Если в такой день в помещение попадал ненароком воробей, он моментально терял голову и бился о закрытые окна. Он не замечал специально для него широко открытое окно, и если мы пытались его направить в это окно, то он прятался от нас за люстру или за шкаф, как наши политики прячутся от действительности.

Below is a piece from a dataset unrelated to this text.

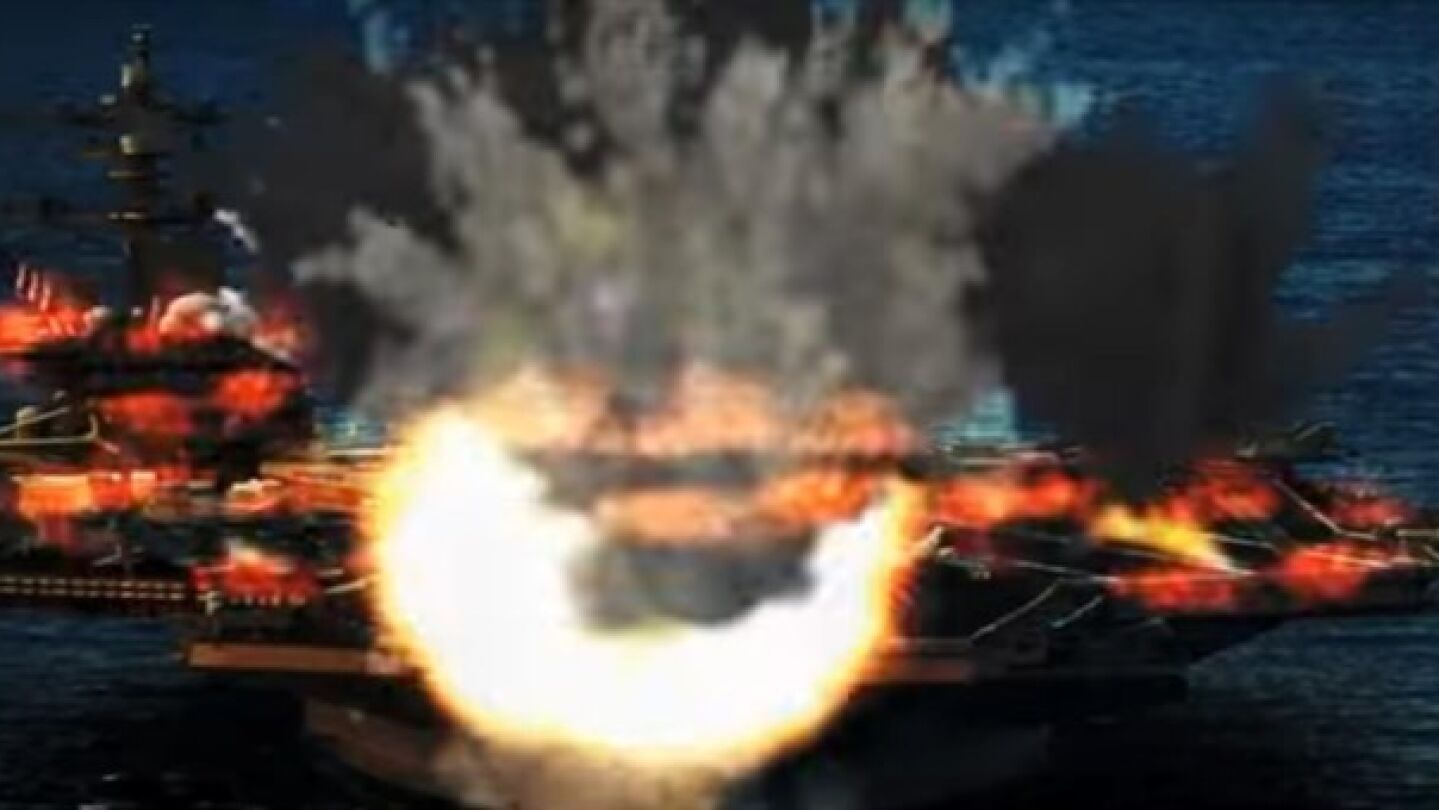 Imagen de una explosi&oacute;n del v&iacute;deo de Corea del Norte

 Хозяина с плёткой у нас не было, все были «свои», МОЖНО БЫЛО И ПОГОВОРИТЬ. Деления на «красных» и «белых» в нашей бригаде тоже не было. По одним вопросам с нами были согласны одни, по другим вопросам мы соглашались с другими. Соответственно разными были оценки Афганской интервенции, отношение к Америке и другим зарубежным странам, отношение к диссидентам. Коллектив не был однороден. Мы, в частности, и многие другие, считали диссидентов героями, у которых хватало решимости и смелости бороться за нашу «свободу» – мы не считали их противниками социализма. Среди некоторых наших друзей на противоположном политическом краю была не просто нелюбовь, а отвращение к ним – они были уверены, что это враги советской власти и России – раз власти, то и России. Большинство же относилось к ним безразлично, считая, что они не враги, а «выпендриваются», себя показывая.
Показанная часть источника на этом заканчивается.